Although the prohibition in Article 34 with respect to exports is expressed in the same language as Article 30’s prohibition on imports, the terms “all measures having equivalent effect” as quantitative restrictions on exports of goods have not been interpreted by the Court along the lines of the Dassonville formula. Instead, in its Groenveld decision the Court held that Article 34 is exclusively concerned with “the establishment of a difference in treatment between the domestic trade of a Member State and its export trade, thus making the prohibition of Article 34 dependent on the presence of discrimination. The reason for the different approach is that non-discriminatory national measures, affecting export goods the same way as goods for domestic consumption, do not impose dual standards on the manufacturer at the stage of production. (In contrast, imported goods are subject to double standards – those of the exporting Member State and those of the importing Member State). If dual standards are imposed upon the exporting manufacturer because of the national rules in the Member State of import, these rules may be challenged under the Dassonville ruling.

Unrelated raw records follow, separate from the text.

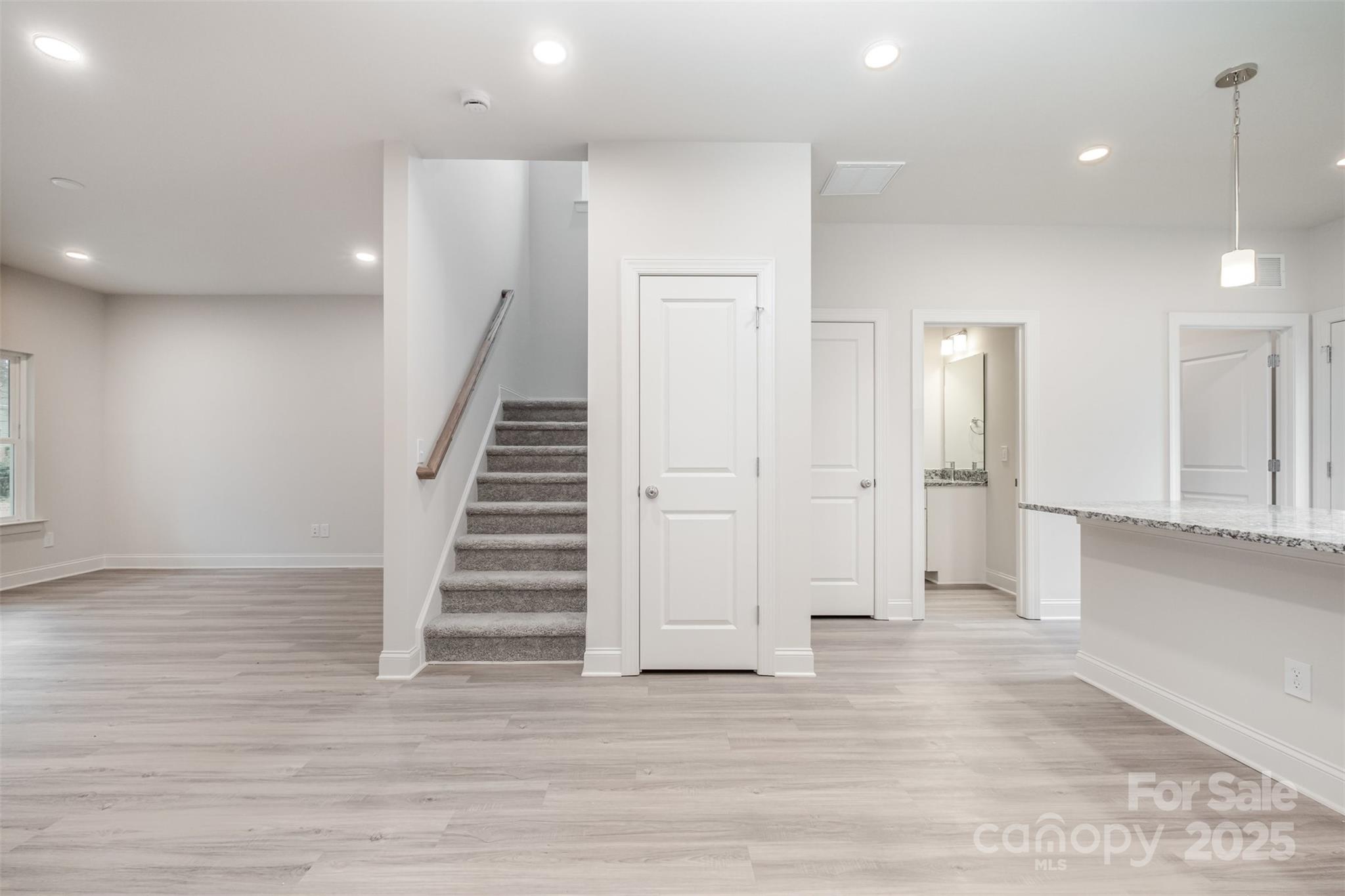 19901 Burton Lane Cornelius, NC 28031 - Photo 6 of 28 a view of a hallway with wooden floor and staircase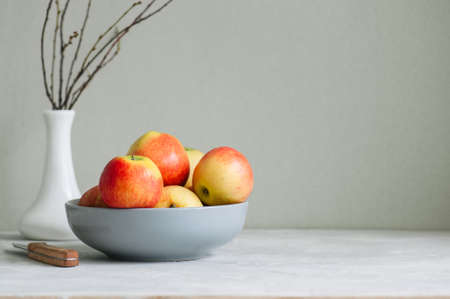Ripe apples in a bowl on a white background. Autumn mood concept.の写真素材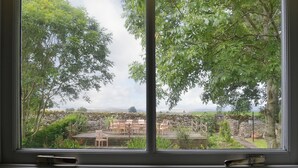 A window view of a garden with a stone wall, wooden chairs, and a grassy lawn. - 5 bedroom accommodation in Shap, near Penrith (Shap, near Penrith)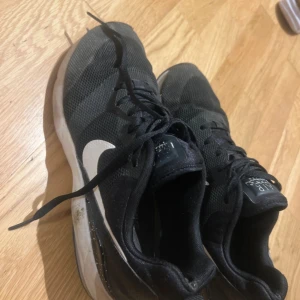 Svarta Nike Air sneakers med vit sula - Svarta Nike Air sneakers med vit sula och klassisk vit swoosh på sidan. Ovandelen är i mesh för bra andningsförmåga och skon har snörning. Perfekta för dig som gillar sportig stil och vill ha bekväma skor till vardagen.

  1. It took the Court a long time to indicate whether the “sister” prohibitions of Article 30 – Article 59 in the field of services, Article 52 in the field of establishment, and Article 48 in the field of workers – were to be interpreted in the same way: that is, also applicable to “indistinctly applicable” national provisions. With respect to services the Court favored such a broad interpretation of Article 59 in its Sager judgment of July 25, 1991. In that decision, the Court was responding to a preliminary question raised in the course of domestic proceedings by a German patent agent, Mr Sager, against an English company, Dennemeyer & Co Ltd. Dennemeyer provided patent renewal services in several countries, including Germany. These services included the storing of information about clients’ patents in a computer, informing clients when renewal fees fell due, and paying the fees on their behalf. Sager argued that under German law Dennemeyer could not provide these services with respect to German patents, as it did not hold the special license required by German law for providing such services. In its decision, the Court held that Article 59 required not only the abolition of all nationality-based discrimination against a person providing services, but also the abolition of any indistinctly applicable restriction which prohibits or otherwise restricts a provider of services established in another Member State who lawfully provides similar services there. Therefore the German license requirement, even though it did not discriminate on the basis of nationality, was struck down as a restriction in violation of Article 59.

Interestingly enough, in its more recent decision of May 10, 1995, Alpine Investments BV, the Court declared Article 59 equally applicable to national rules (in that case rules prohibiting providers of investment services from making unsolicited telephone calls to potential clients) which prevent offers of services in general including those made to other Member States. In its decision, the Court concentrated immediately on the question whether the prohibition could constitute a restriction on freedom to provide services in another Member State. It answered that question in the affirmative as the prohibition “deprives the operators concerned of a rapid and direct technique for marketing and for contacting potential clients in other Member States.” Indeed, although such a prohibition “is a generally applicable measure . . . [and] . . . not discriminatory,” it “directly affects access to the market in services in the other Member States and is thus capable of hindering intra-Community trade in services.”